Airbnb is doubling down on New York City despite its years-long battle with local officials over short-term rental restrictions, buying its first office in the Big Apple.
The San Francisco-based home-sharing giant paid $81.5 million for the landmarked property at 281 Park Ave. South in Manhattan’s Gramercy neighborhood, the Wall Street Journal first reported.
An Airbnb spokesperson confirmed to The Post that the company purchased the building and said the transaction closed Wednesday.
The six-story, 42,500-square-foot Beaux-Arts building will serve as a dedicated hub for Airbnb’s New York workforce, which numbers more than 600 employees in the region.
“This building reflects our long-term commitment to the city and will be home to one of our largest employee hubs outside of San Francisco,” Airbnb CEO and co-founder Brian Chesky said in a statement.

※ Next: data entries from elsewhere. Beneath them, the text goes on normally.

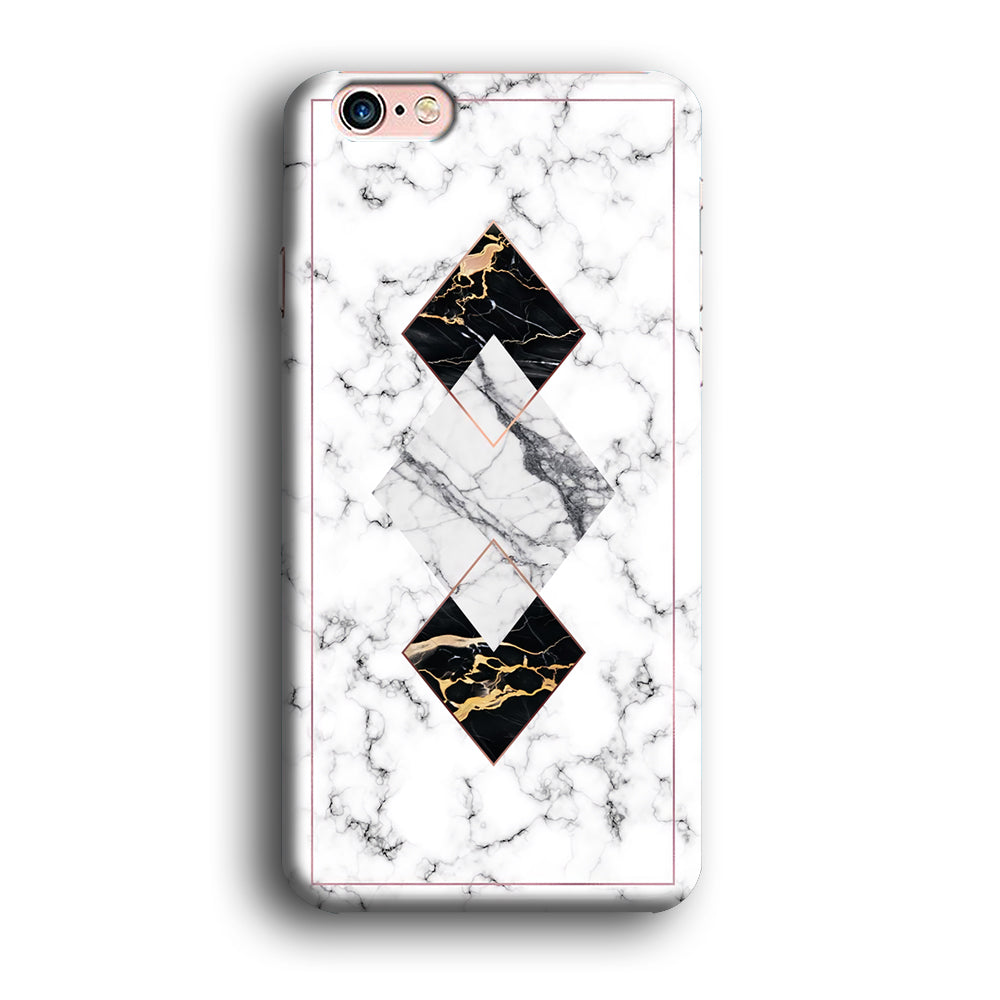 Marble Square Instalation iPhone 6 Plus | 6s Plus Case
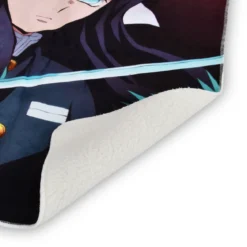 Demon Slayer - Tanjiro, Mitsuri und Muichiro Kuscheldecke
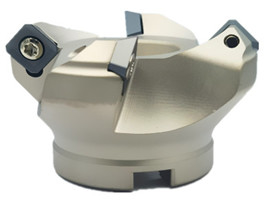 Forte resistenza all'urto Shell Milling Cutter del disco di superficie della fresa KM12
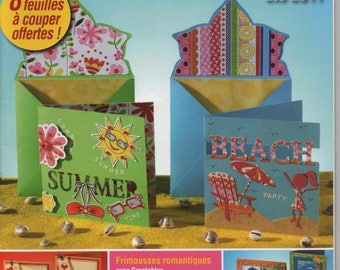 Special creative magazine cards 3d to make yourself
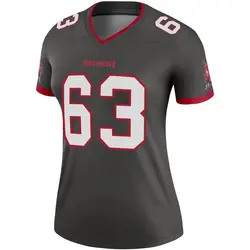 Nike Lee Roy Selmon Tampa Bay Buccaneers Legend Pewter Alternate Jersey - Women's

“We’re excited to keep investing in the city and the people who make it extraordinary,” Chesky added.
The sale comes as Airbnb continues to push city and state officials to loosen New York’s stringent restrictions on short-term rentals.
Local Law 18, which took effect in 2023, dramatically tightened enforcement of the city’s long-standing limits on short-term rentals by requiring hosts to register with the city and forcing booking platforms to verify registrations before processing reservations.
Supporters of the law argued it was necessary to preserve New York’s housing stock and prevent residential buildings from functioning as unlicensed hotels.
Airbnb has countered that the restrictions deprive residents of supplemental income and have failed to address the city’s housing affordability crisis.
According to the Journal, Airbnb contributed $10 million last year to its Affordable New York political action committee, which spent more than $1.3 million opposing mayoral candidates Zohran Mamdani, Brad Lander and Scott Stringer, all of whom have been critical of the company.
Despite maintaining a “work anywhere” policy since 2022 that allows employees to work remotely or relocate within the US without a change in pay, Airbnb said it expects to maintain a significant presence in New York for years to come.
According to the company, many of its New York-based employees prefer to work from the office regularly, prompting the need for a dedicated employee hub.
The building was originally listed for sale in 2022 with an asking price of $135 million, according to Airbnb.
The seller, New York developer Aby Rosen’s RFR, bought the property in 2014. According to the Journal, Airbnb’s purchase price represented roughly a 63% gain over what RFR paid for the building more than a decade ago.
Built in 1894 and renovated in 2019, 281 Park Ave. South previously figured into one of New York’s most notorious recent fraud cases.
Anna Sorokin, who posed as wealthy German heiress Anna Delvey, allegedly used forged financial documents while attempting to lease the building for a private members’ club.
The project never materialized, and Sorokin was convicted in 2019 of defrauding banks, hotels and other businesses.